1st League Meet - Post MortemTags: journal
1. Review 1st League Meet
2. Analyze 1st League Meet Performance
3. Discuss Possible Fixes + Next Steps
Play By Play
1st Match - The first round went horribly wrong, as Gabriel touched the phone after randomization, netting a minor penalty. While autonomous did read the April Tags, the arm was outside the tile, so regardless we didn’t score the 20 points for autonomous. In an attempt to get the robot started and not have to do calibration, the sequence was skipped which caused the turntable and arm extension to fail completely. Our score was 2 points scored by our alliance partner, and was a loss.
2nd Match - The 2nd this time, the autonomous program worked, but yet again the arm was outside the confines of the tile, meaning no autonomous points. The new calibration sequence, which required a button press, was not completed, and so yet again, failure in the arm and turntable, and an additional crash of the robot. The score was 37 points scored by our alliance partner and a loss.
3rd Match - The 3rd match autonomous finally worked, netting us 20 points. The presets for cones, however, was not working and so had to be done manually. The score at the end was 38 points and resulted in a win.
4th Match - The 4th match autonomous succeeded yet again, gaining 20 points. Unfortunately, the calibration sequence again wasn’t completed, meaning we couldn’t score any elements. The match resulted in a 34 point win, a win that was barely gained, as we scored 1 more point than the opposing alliance.
5th Match - The 5th match was by far our best performance. The April Tag recognition worked again, netting us 20 points. The presets for cone scoring finally worked, and with it, our driver Leo was able to score 9 cones, one of which had a beacon on it, getting our alliance 93 points, the record for that meet, of which we scored 74 points.
What Went Wrong + How To Fix It
This past Saturday marked the first League Tournament for the University League and our first competition. Unfortunately for us, it did not go as we had hoped, but was instead more grounded in reality. There were a lot of problems that only reared their heads during the competition.
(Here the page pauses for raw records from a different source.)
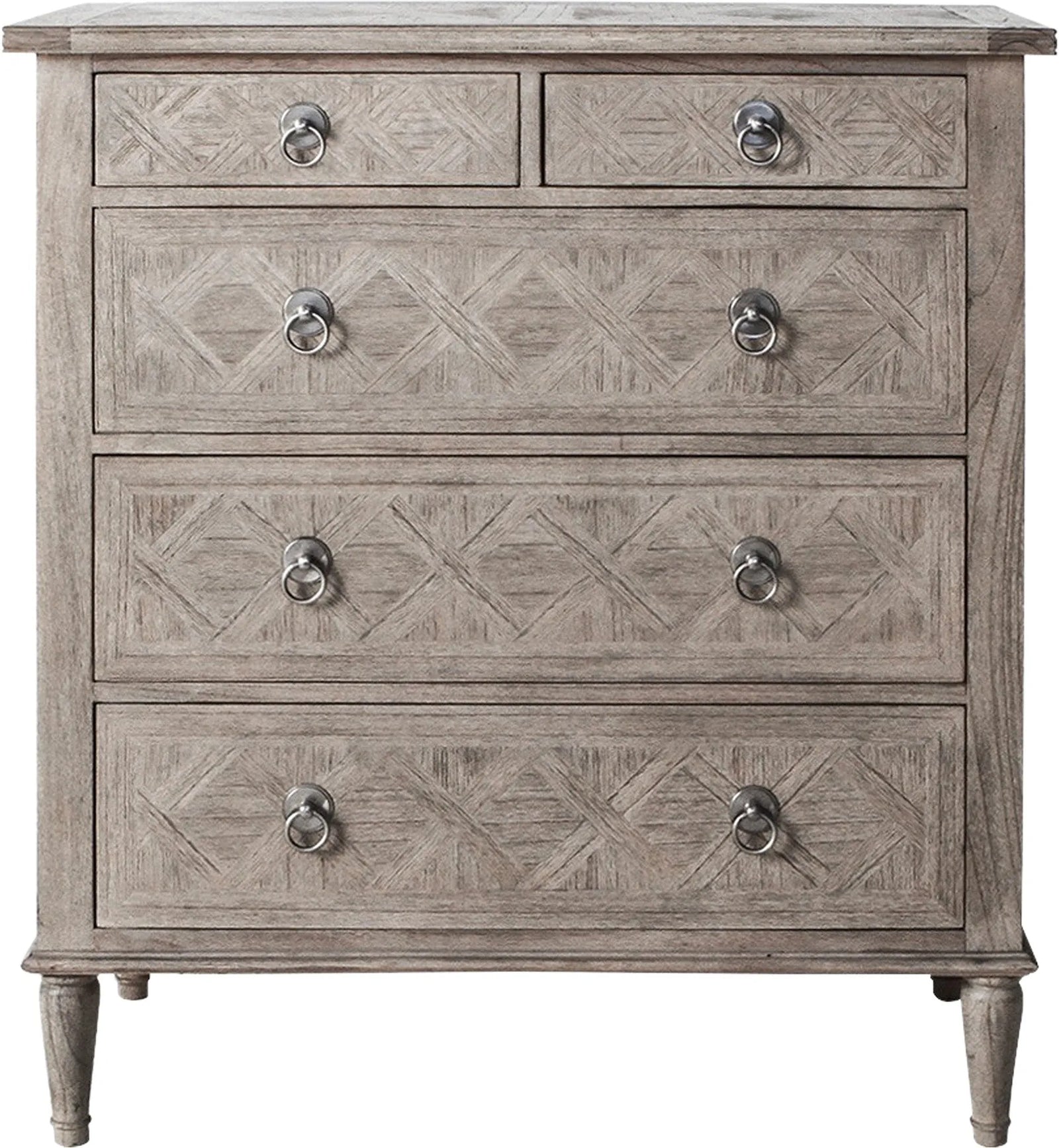 Rustique 5 Drawer Chest - 5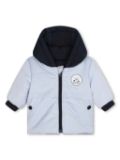 BOSS Kidswear reversible puffer jacket - Blue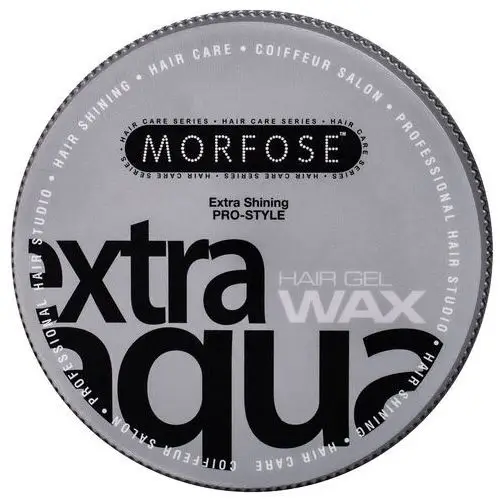 Morfose Extra Shining Pro-Style Extra Aqua Hair Gel Wax - żelowy wosk do włosów, 175ml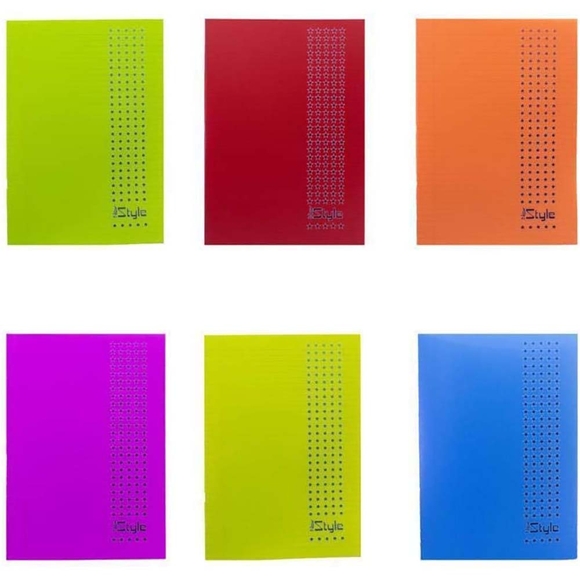 Umut Newstyle A4 Spr.Pp Kapak 80Yp.Kareli P-80/4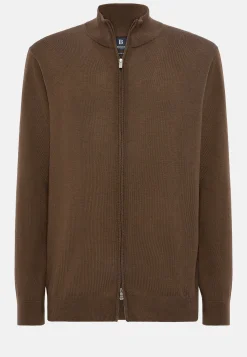 Boggi Milano Gilet En Laine Mérinos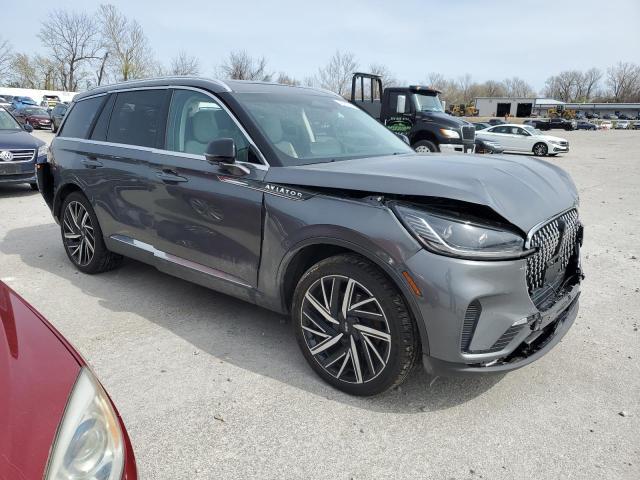 5LM5J7XC4SGL11395 - 2025 LINCOLN AVIATOR RESERVE GRAY photo 4
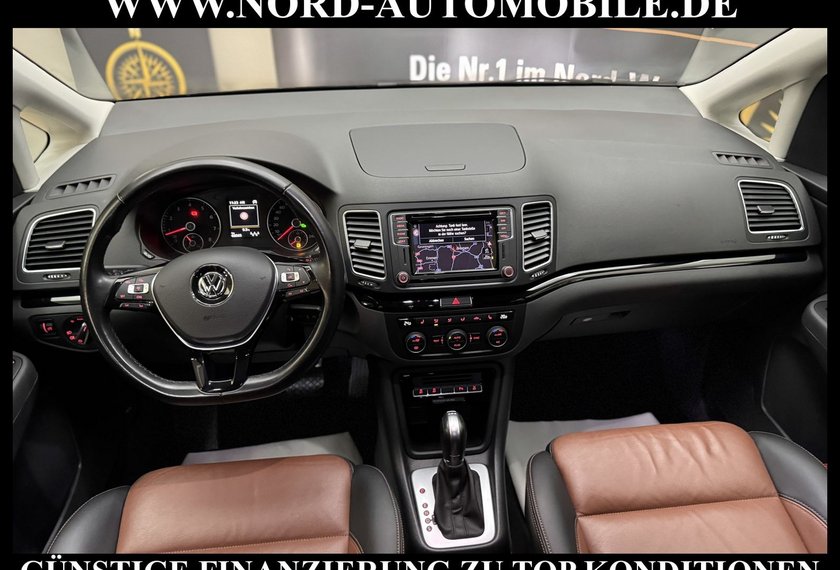 Volkswagen Sharan Sharan Highline 1.4 TSI DSG 7-Sitzer/Leder/AHK/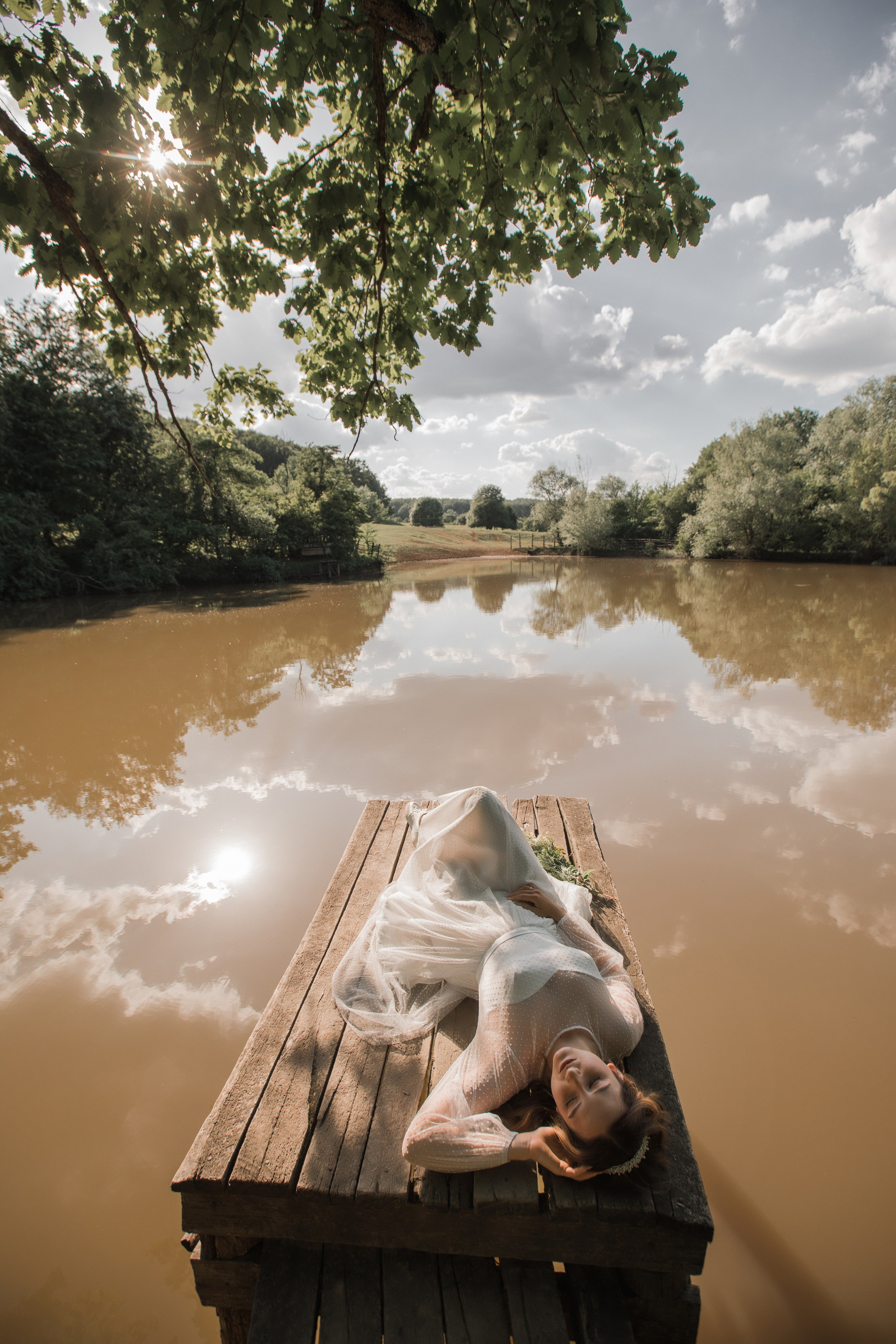 Прогулка в лесу. Свадебный и семейный фотограф в Краснодаре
The beginning of the competition was the most problem intensive, with everything from the calibration sequence infinitely rotating the turntable, the belt slipping off the arm extension, and the presets for cone scoring going awry. Luckily for us, the end of the competition resulted in a fix to some of these issues which lead to us placing in 4th ranking wise, and getting the high score for point total in conjunction with our alliance partner. However, this does not mean that there were no persisting problems after the fact.
Starting off with build issues, our mount for the current iteration of our bulb gripper was able to shift slightly to both the left and right with enough force applied. The constant smacking down of the gripper onto cones was a likely culprit in the shift meaning its an issue that has to be further addressed by tightening the carbon fiber bar more. The belt for the arm also managed to slip off at one point, but luckily it was in between matches. It serves as a good reminder to replace old rubber bands, which do not age well at all. The robot was also getting caught on the pylons, even when they didn’t have cones on them, meaning that its a combination of the chassis being a bit too big even though it fits standard sizing and more drive practice needed. Also, while it didn’t present too big of an issue at the competition, our current wire holder for the arm extension is just impractical and arguably cardboard should never appear on a robot at a competition.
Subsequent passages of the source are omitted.